How to Effectively (and Safely) Run Downhill

Downhill running builds strength and endurance in a way that flat running cannot duplicate. While running uphill might feel more difficult from a cardio perspective, running downhill challenges and pushes your body in different ways. The muscles you build running on the decline translate into faster paces on other terrain. Downhill running involves control and braking, which creates muscular stress. Including downhill running in your training and learning proper downhill running techniques will help you improve your leg speed, increase efficiency and prevent injury. With proper form, you can turn downhill running into a strength that will greatly benefit your other running.

Understanding and Choosing Hills

Make sure to choose your hills wisely when training. The following tips will help you:

  • Start with short, gradual slopes and move on to steeper and longer descents as you develop your technique and improve your strength and ability. Practice downhill running through either focused repeats or an extended run on a hilly route. Extreme grades increase your risk of knee, ankle and hip injuries.
  • Use a GPS watch to find a gradual slope of no more than 8 percent to train on. When running downhill, gravity is your friend.
  • Running on softer surfaces, such as dirt or grass instead of pavement or cements, lead to fewer injuries because they are more forgiving.
  • Always look ahead for hill variations and adapt to them immediately to avoid injury.
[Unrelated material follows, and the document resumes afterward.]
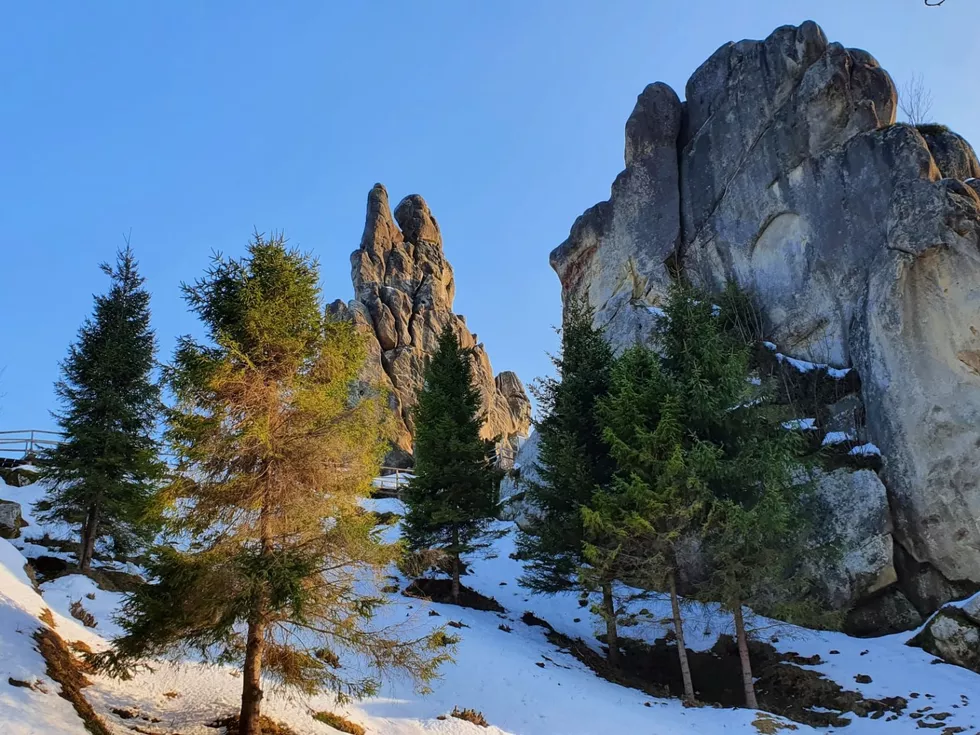 travel program image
Building a Strong Foundation – Correct Form

The foundation of running downhill safely and efficiently relies upon maintaining correct posture. Avoid the urge to lean back into the hill and focus instead on keeping your body perpendicular to the ground. Descend the hill with your feet turned sideways to help with speed control. As you improve, point your feet more progressively downhill. Engage your core and lean forward slightly from the ankles. Keep the feet under the body and don’t over stride, which gives the body greater control over the legs and also minimizes the impact on the quadriceps and knees. Use your arms for balance. Flailing your arms around can actually give your body the control it needs when speed takes over. As you descend, shorten your stride and quicken your cadence to help avoid using your heel as a brake. A slight bend in your landing leg will help avoid impact to your knee. You can run a lot faster than you think while still maintaining control.

Training Safely

As with any new training type, start small. Begin with one downhill session every other week, eventually working up to two per week. Learn how to tackle hills mentally and physically. Confidence is crucial to successful downhill running. Run down hills using effort, not pace. Focus on the descent, not the climb. When done properly, downhill running provides enjoyment and a great way to make up time. Consider purchasing a quality treadmill that will set an effective downhill pace for training. Many models come equipped with declines up to 6 percent.

You can improve your overall fitness with downhill running. By following these tips, you will enjoy the process as well.